# THE TASK
Output the records exactly as they appear, with no pictures included.
[MATERIALS PROVIDED Boundary: Start]
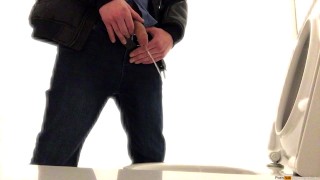 I know you find it horny seeing guys peeing - admit it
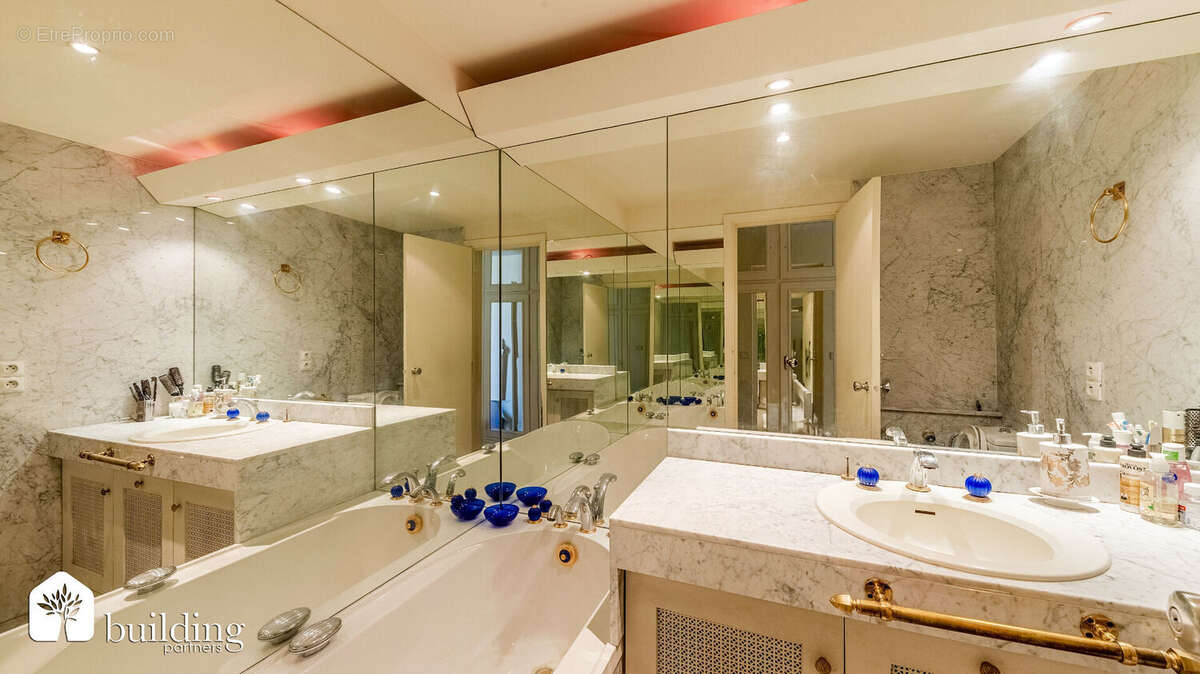 Paris 16ème - Appartement 4 pièces de 85,21 m2 - photo 9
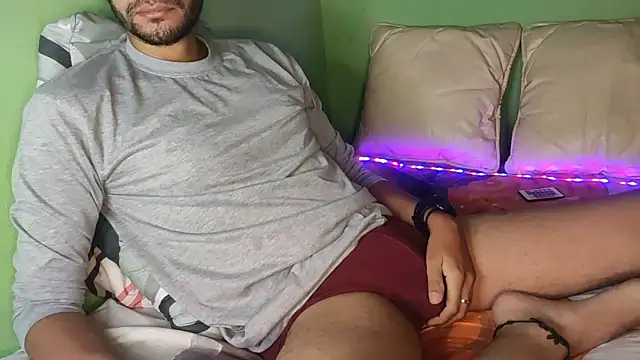 Snapshot of Taylor_Blaze94 chatting on 02/08/26, 01:42 Taylor Blaze94 online show from 02/08/26, 01:42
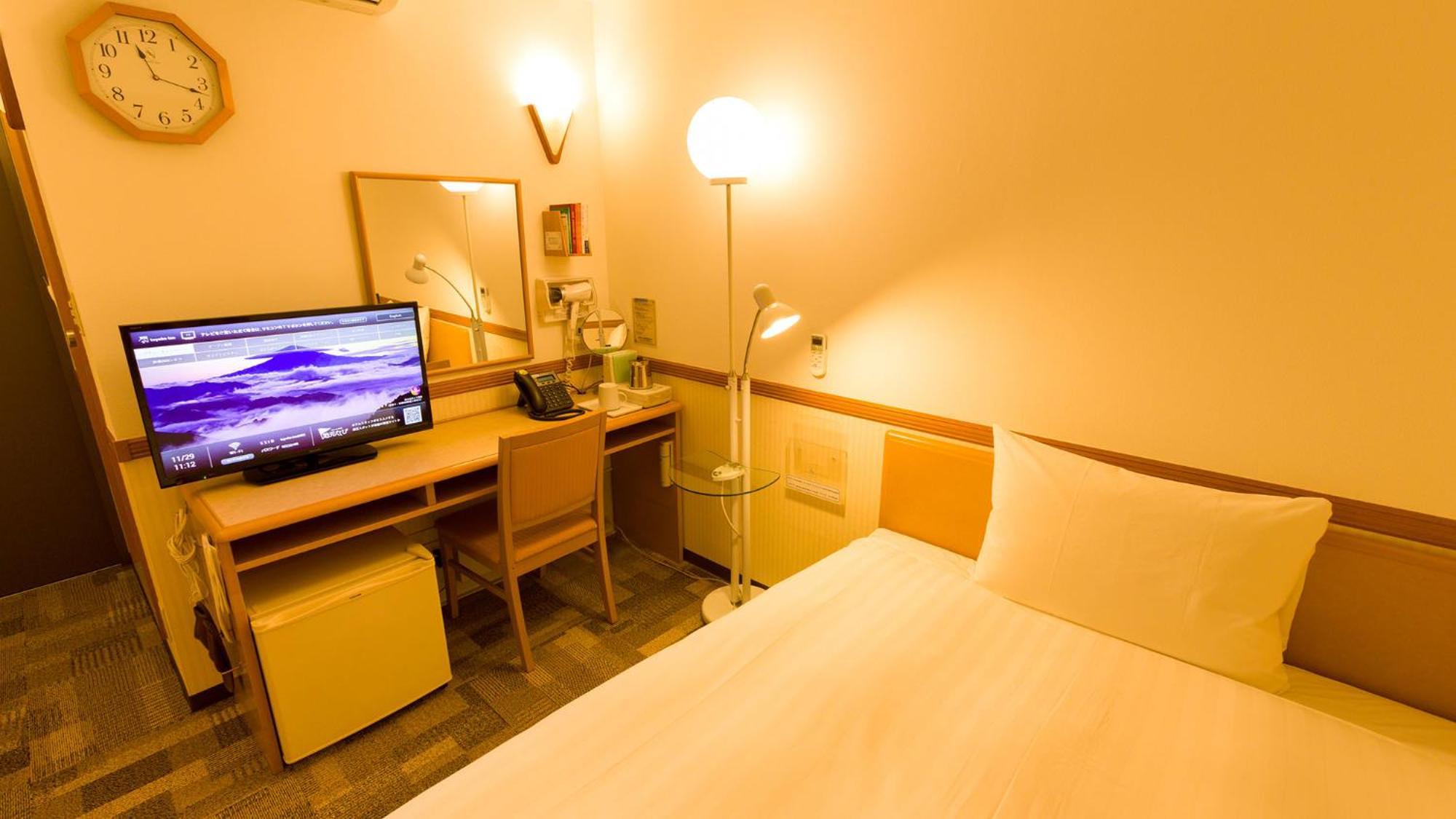Toyoko Inn Nishitetsu Kurume Eki Higashi Guchi Zimmer foto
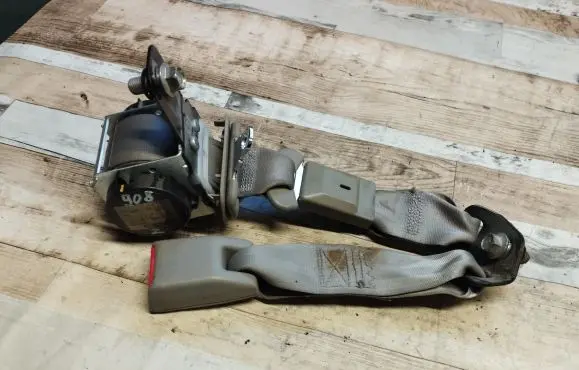 Hyundai Elantra Middle seatbelt (rear) 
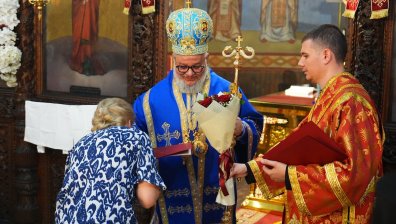 Голяма Богородица обедини вярващи в Казанлък (СНИМКИ)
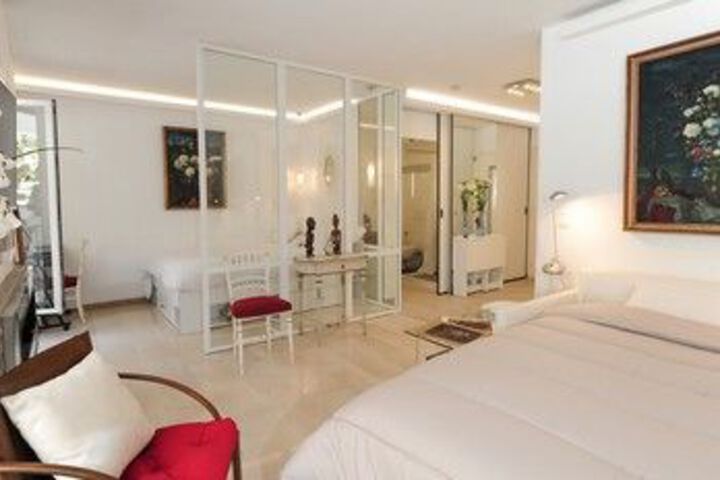 Room 8 of 31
[MATERIALS PROVIDED Boundary: End]
# TASK OUTPUT
 I know you find it horny seeing guys peeing - admit it
 Paris 16ème - Appartement 4 pièces de 85,21 m2 - photo 9
 Snapshot of Taylor_Blaze94 chatting on 02/08/26, 01:42 Taylor Blaze94 online show from 02/08/26, 01:42
Toyoko Inn Nishitetsu Kurume Eki Higashi Guchi Zimmer foto
 Hyundai Elantra Middle seatbelt (rear) 
 Голяма Богородица обедини вярващи в Казанлък (СНИМКИ)
 Room 8 of 31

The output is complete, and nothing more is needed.